Though plausible, nevertheless on study of the proceedings as a whole, this conclusion will not stand. To begin with, there was no "judgment" whatever in the order of November 17, 1975 awarding the plaintiffs any of the relief prayed in their complaint. It only overruled defendant doctors' motion for summary judgment. Indeed, the record disclosed no motion of that kind by the plaintiffs. Nor did the Court even intimate an intention to follow through with a judgment for the plaintiffs. The reason is quite apparent. The Court was fully cognizant that at that stage, the action was not ripe for a final determination. Despite the failure of their motion, the defendants were still entitled to a plenary hearing, not to be foreclosed by an immediate decree for the plaintiffs. The latter, too, enjoyed the same privilege.
At all events, as will appear in a moment, both parties took advantage of this opportunity, later producing further evidence on the identical issue of the factum of a contract as well as on the defendants' subsequent plea of fraud. The offer of such additional evidence and the admission of it by the Court, unequivocally and irretrievably manifest that neither the parties nor the Court treated the order as a summary judgment giving the plaintiffs the remedies they sought.
In a pretrial order of July 27, 1976, it appears that defendants had filed earlier, July 7, 1976, a motion for reconsideration of the order denying them summary judgment on November 17, 1975 and asked a hearing thereon. Exhibited with the motion were a deposition and affidavits, thus bringing additional defendant evidence into the case. Action on the request was deferred by the Court "to review defendants' motion and attachments and to advise the parties at the earliest practicable date". (Accent added.)
Hence, the District Judge's recitation in the pretrial order of the proceedings incident to the defendants' summary motion eight months before, November 17, 1975, as including a judgment by the Court for the plaintiffs sua sponte, was incorrect. Indeed, it was error so to recite it. This is true, too, of similar subsequent references to this interlocutory ruling. Not until April 11, 1977 did the Court enter its final "Opinion and Judgment". Therein it was recalled that "(b)y a written opinion and order dated November 17, 1975 this Court held that the defendants . . . had entered into a valid and binding contract to purchase Long Branch". (Accent added.) For the first time the Court entered a "judgment" (not simply an "order" as before) declaring that the parties had consummated a contract and granting plaintiffs specific performance with directions for its effectuation thereof. This decree of itself refutes defendants' contention that a sua sponte judgment had been passed summarily for the plaintiffs on November 17, 1975.
Motions aside, primarily appellants' defense is one of non est factum.3 In so defending, they maintain that the Red Fox Inn conversations between Dorothy Hewitt and Tijerina on February 20, 1974 did not culminate in an oral agreement to sell and buy, and went no further than an understanding of what terms would be embodied in a contract but that no such document was ever executed by them.

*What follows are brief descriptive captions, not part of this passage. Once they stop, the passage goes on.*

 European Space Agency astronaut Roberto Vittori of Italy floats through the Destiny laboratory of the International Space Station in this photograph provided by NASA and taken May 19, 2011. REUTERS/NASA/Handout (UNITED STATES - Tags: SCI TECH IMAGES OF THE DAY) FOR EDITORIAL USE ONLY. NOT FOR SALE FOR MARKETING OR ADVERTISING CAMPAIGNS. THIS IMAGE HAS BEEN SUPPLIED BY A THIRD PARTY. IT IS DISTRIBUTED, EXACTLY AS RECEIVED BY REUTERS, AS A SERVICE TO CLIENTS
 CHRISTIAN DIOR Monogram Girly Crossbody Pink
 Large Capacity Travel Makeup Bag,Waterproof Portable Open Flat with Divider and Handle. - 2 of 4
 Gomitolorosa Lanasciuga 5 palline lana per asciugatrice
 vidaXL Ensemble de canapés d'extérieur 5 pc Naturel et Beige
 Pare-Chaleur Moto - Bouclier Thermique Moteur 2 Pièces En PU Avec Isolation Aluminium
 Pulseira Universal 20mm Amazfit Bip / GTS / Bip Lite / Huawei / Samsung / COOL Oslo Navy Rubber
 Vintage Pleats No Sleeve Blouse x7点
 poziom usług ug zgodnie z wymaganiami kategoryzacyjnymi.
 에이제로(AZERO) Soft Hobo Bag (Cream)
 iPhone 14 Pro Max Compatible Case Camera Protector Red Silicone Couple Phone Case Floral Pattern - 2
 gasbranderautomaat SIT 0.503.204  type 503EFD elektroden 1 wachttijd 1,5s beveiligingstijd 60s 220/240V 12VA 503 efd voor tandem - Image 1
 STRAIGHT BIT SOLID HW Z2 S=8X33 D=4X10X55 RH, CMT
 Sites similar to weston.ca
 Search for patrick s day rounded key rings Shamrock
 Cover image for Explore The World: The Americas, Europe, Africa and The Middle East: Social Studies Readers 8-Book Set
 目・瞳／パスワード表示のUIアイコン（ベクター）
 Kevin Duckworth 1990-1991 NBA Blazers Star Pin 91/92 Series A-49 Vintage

This position, we hold, will not stand the light of fact and law.
The facts depict, step-by-step, how Tijerina went into the meeting with Hewitt on February 20, 1974 with unlimited authorization, by word of mouth as well as in documents, to buy Long Branch, plus certain items of personal property, at the owner's figure. Both came out wholly satisfied that he had agreed to purchase, and she to sell, at her price. In that conference the terms of their accord were completely stated, defined and fixed as of February 20. They were not modified in any sense during the exchange of drafts, putting the agreement in writing, until the last memorial of it was signed by the Hewitts and approved by Tijerina's letter on March 1, 1974. That this agreement was achieved on February 20 was not only the testimony of Hewitt but was also avouched under oath by Tijerina in the depositions in Virginia. On this issue she was questioned and responded:
"Q. Now, as you understand these negotiations, at what point in time did there exist a binding legal contract between you and the defendants in this case?
"A. At the time that Mr. Tijerina and I sat down to negotiate the terms of the contract.
"Q. On February 20?
"A. On February 20th.
"Q. All right.
"A. That was when we made the contract.
"Q. This was when?
"A. That was when we came to the agreement as to the price and to the particulars which would constitute the contract.
"Q. So again now, for purposes of defining when in your mind there was a valid binding legal contract, it's your testimony that there was an offer and an acceptance on February 20, which constituted the contract that's in question in this litigation?
"Q. It was the offer contained in the doctors' letter (authorizing Tijerina to go to $950,000.00) then, which is the offer of February 15th, and is Exhibit Six?
"Q. Which you accepted on March 1?
"A. I accepted it on February 20; I've told you that again and again.
"Q. Did Mr. Tijerina ever advise you that he could not execute these contracts on behalf of his principals?
"A. No. On the contrary I saw the documentary evidence that he could do so."
Likewise Tijerina stated unqualifiedly as follows:
"Q. All right. Now, after you showed Mrs. Hewitt the letter of February 15th, what further discussions did you have with Mrs. Hewitt respecting the purchase of Long Branch on that visit?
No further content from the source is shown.